▶ _WHAT THIS TASK INVOLVES_
Copy each line below as it stands, but skip any picture it contains.

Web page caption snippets
= Beginning of Section =
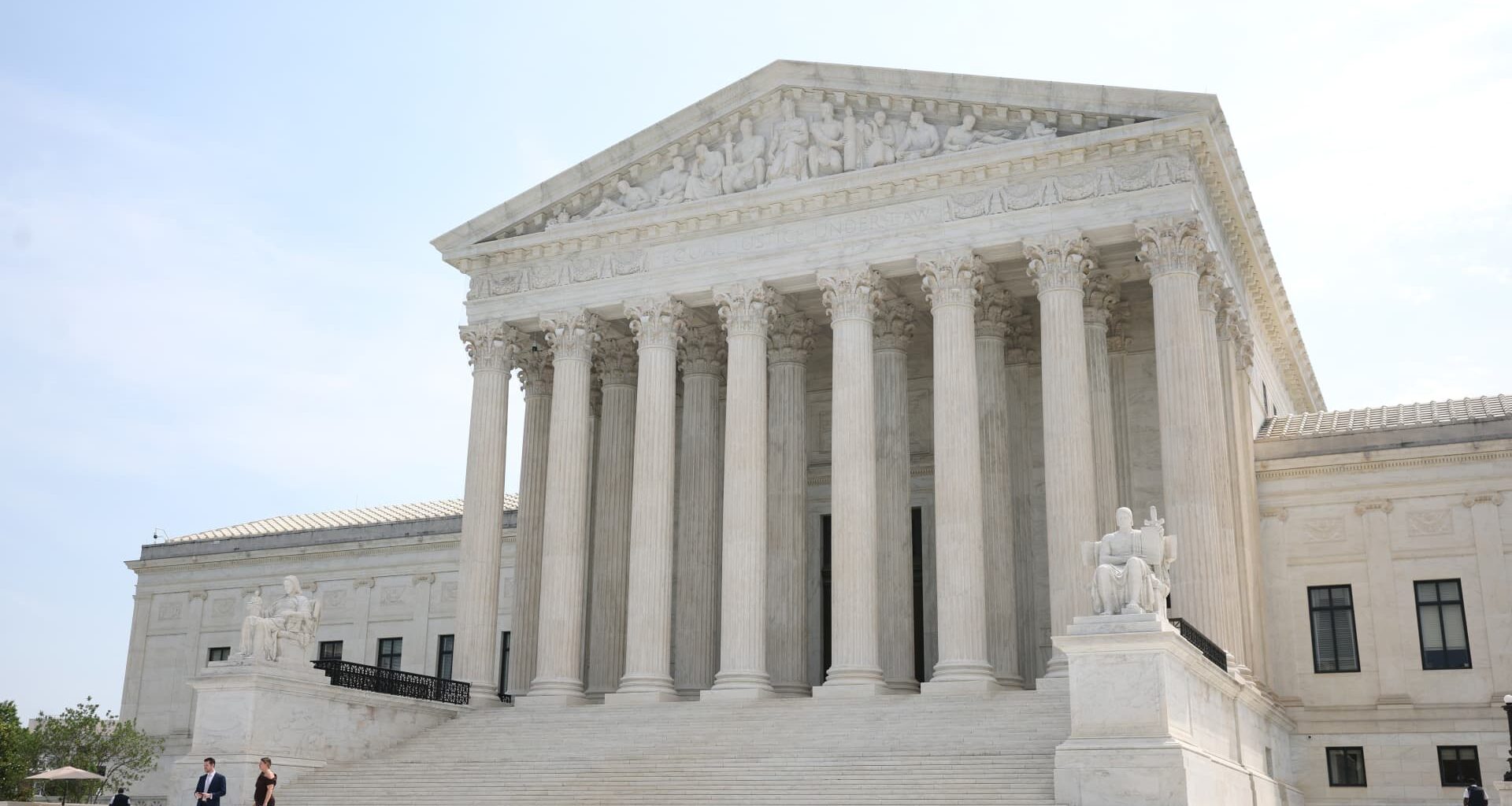 Supreme Court won't review Trump's firing of labor board member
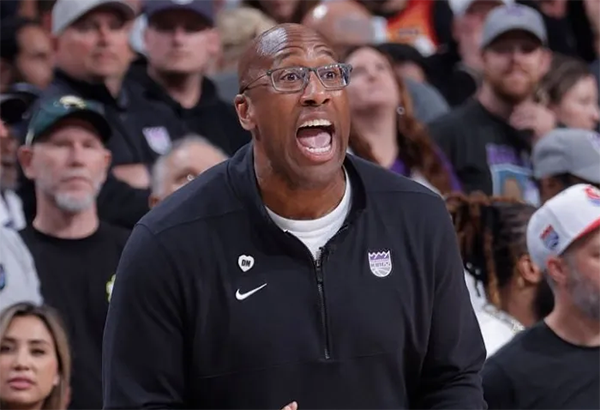 国王与布朗续约谈判搁置 前者想要大幅涨薪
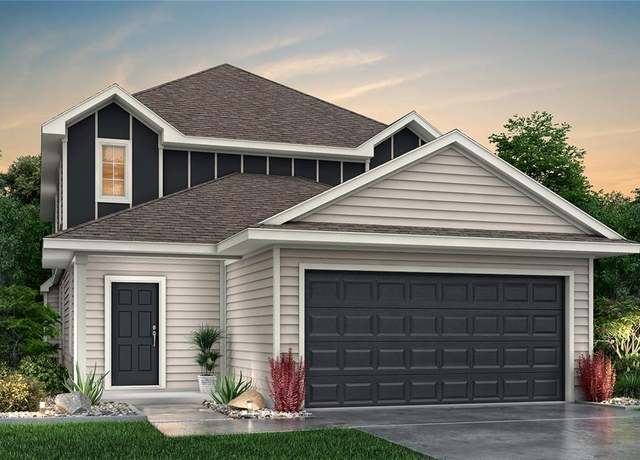 Property at 2409 Texas Ash Way, Fort Worth, TX 76123, 5 beds, 3.5 baths
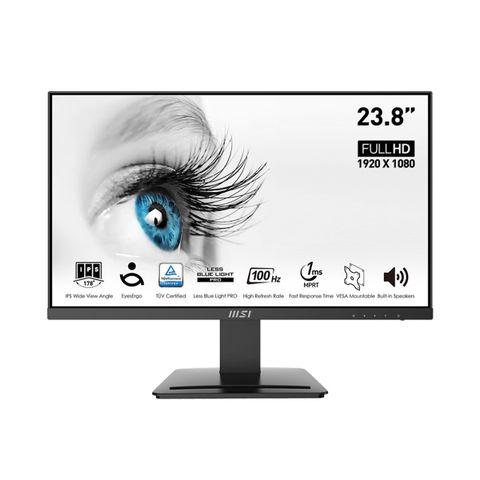  Màn hình MSI PRO MP243X 24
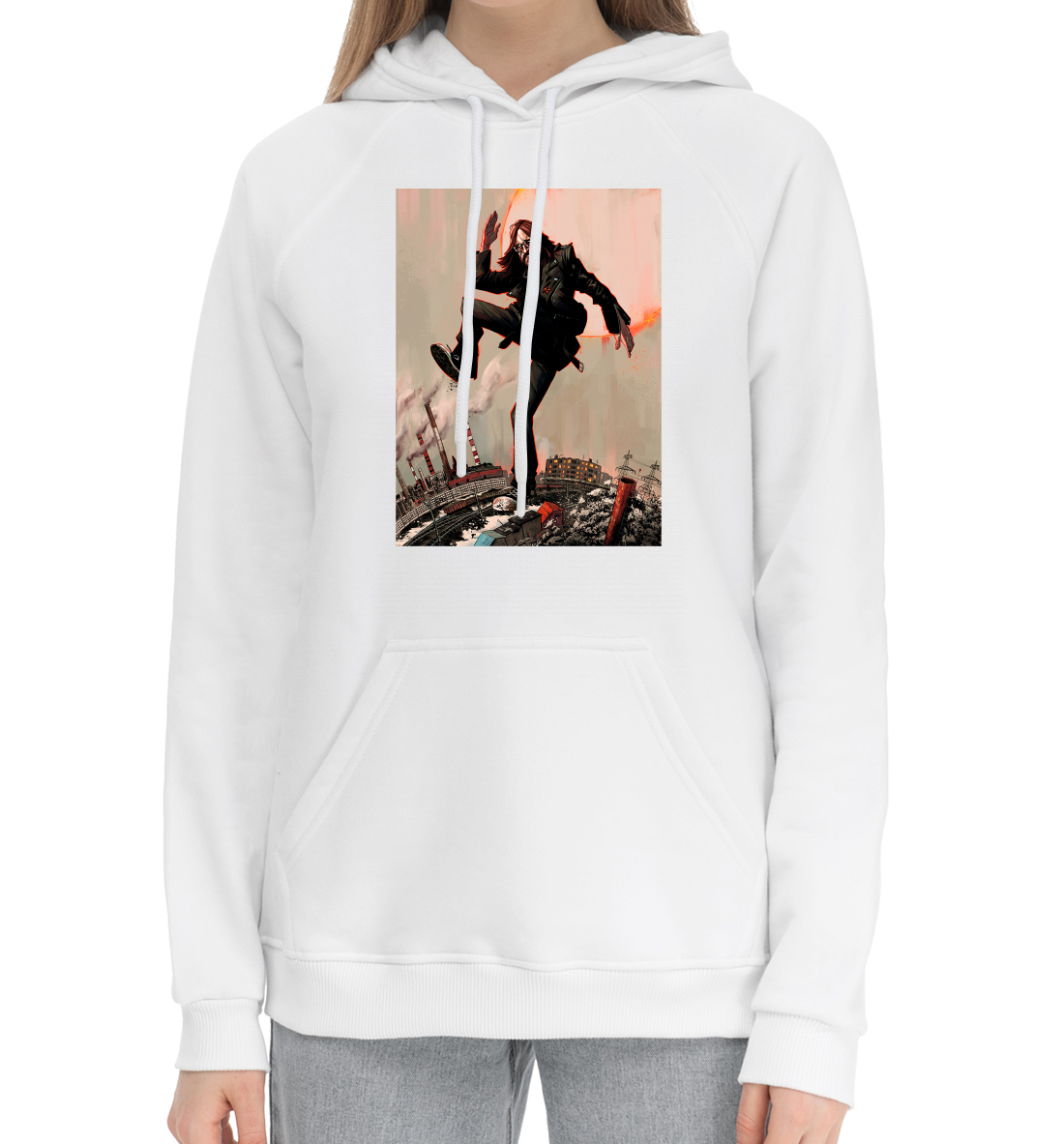 

Гражданская оборона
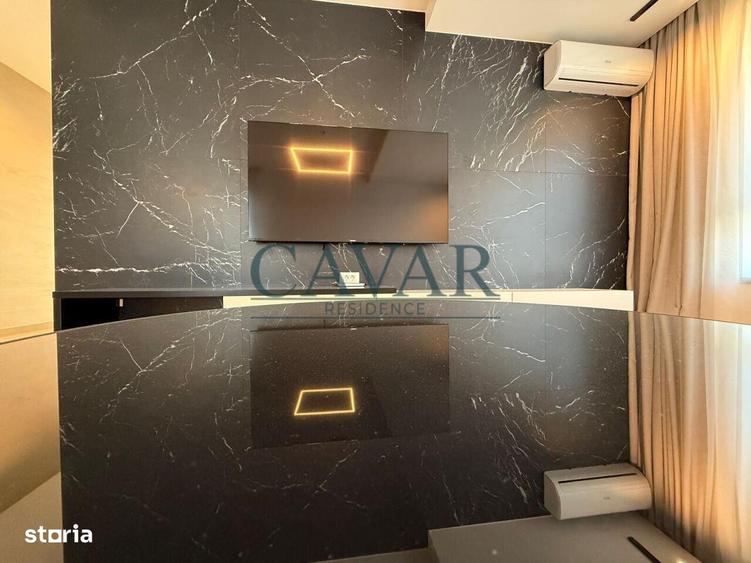 Cavar Residence 4 Camere 2 Bai Terasa 17 mp - 6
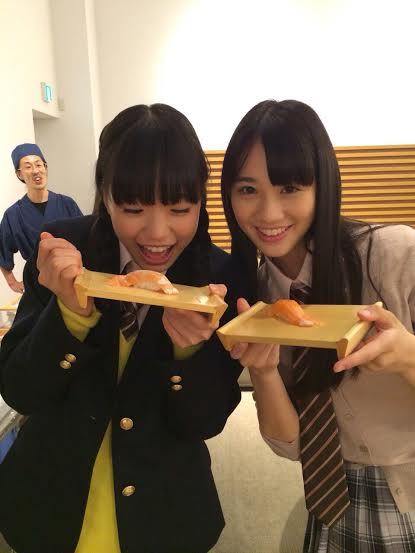 Syachihoko Staff : Team Syachihoko | しゃちほこスタッフ : チームしゃちほこ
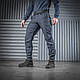 M-Tac штани Aggressor Gen II Flex Dark Navy Blue, фото 7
= End of Section =
▶ _ANSWER BOX_
 Supreme Court won't review Trump's firing of labor board member
 国王与布朗续约谈判搁置 前者想要大幅涨薪
 Property at 2409 Texas Ash Way, Fort Worth, TX 76123, 5 beds, 3.5 baths
  Màn hình MSI PRO MP243X 24

Гражданская оборона
 Cavar Residence 4 Camere 2 Bai Terasa 17 mp - 6
 Syachihoko Staff : Team Syachihoko | しゃちほこスタッフ : チームしゃちほこ
 M-Tac штани Aggressor Gen II Flex Dark Navy Blue, фото 7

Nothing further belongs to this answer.